On Saturday 10 December 2005 14:32, Thomas Adam wrote:
Oops. I pressed the wrong button, and sent a partially-completed email. Here's the full version.
Alles ist frei
I still fail to see how they could have arrived at that conclusion logically, seeing as they would need to examine a lot more factors than just a cursive-by-proxy diagnosis. No, I am still very much of the opinion that crackers haven't done much, but that the computer _possibly_ has some form of inherent hardware failure.
I am of the same mind.
Tracking that down is often time-consuming, and benefits from experience, and general observations over a period of time, depending on the hardware that's assumed to have failed.
Hence I shied away from that this time.
The dichotomy you have, Paul, is that _suggestion_ of crackers invading your machine has been brought to the forefront, when, on the other hand, it could just simply be hardware failure. If you really do suspect that your machine has been compromised, then your safest bet is to backup ALL of your pertinent data, and reinstall.
Done, see above.
But consider for the moment, the effects this will have. Even if you are successful in doing just that, what's to say that reinstalling the machine's OS is going to fix whatever exploit was present to have caused it in the first place? I've alluded already for the need of a firewall -- is there such a setup in place, for the routed traffic to pass through one? If not, that's the first thing you should do -- and I can assist with that where necessary (essentially -- using IPTables).
I thought there was but now I suspect there wasn't. At least not a compete one. Oversight on my part.
Backing up the data from a supposed infected machine may well mean (depending on what was exploited) that you also backup infected files. This is unlikely, but it could happen. There are a few general things you need to consider though. I'll go through some of them for you.
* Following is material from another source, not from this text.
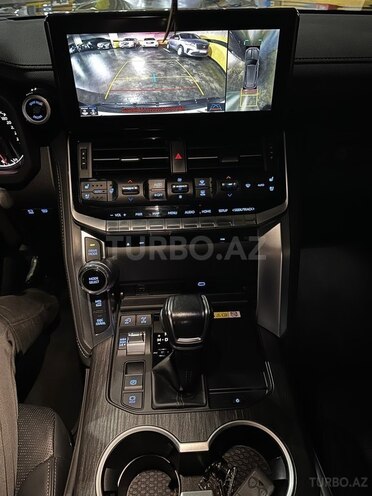 Toyota Land Cruiser 2021, 124,000 km - 3.5 л - Bakı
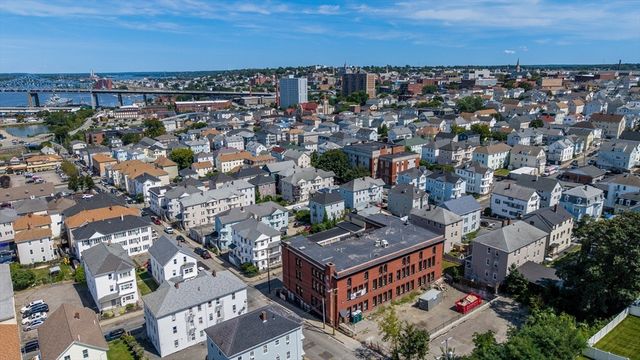 403 Division Street 11, Fall River, MA 02721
I haven't done much on the machine for a while so I used an older, pre-exploit (??) version.
Assume for the moment, that this machine hadn't been cracked, and was just being reinstalled for some reason. The data you would backup (to preserve persistency) would most likely be:
/etc/ /home/ /usr/local/
You move all of that to another partition, or CD, or what have you. Then you reinstall, and you move all of that data back. Aside from having to play about with making sure the UID/GID mappings from the old /etc/{shadow,passwd} files matched the permissions for the files already created (the process of this is another email topic in its own right, and serves only as a theoretical concept in this context) -- it's also possible that you've moved an existing (and infected) account with you.
So in situations like this, I would go as far as to employ a rigourous approach of:
1. For all Sixth-form students, allow login. 2. For anyone else, set their shell to 'rbash', or some such.
Locking down "/tmp" has been something that people have been doing since the year dot, and you'll see numerous references to setting "noexec" on the /tmp partition (if you have split it out to be a partition -- always a good idea, IMO), or creating a loopback file to act as a partition so that you can still mount it with noexec.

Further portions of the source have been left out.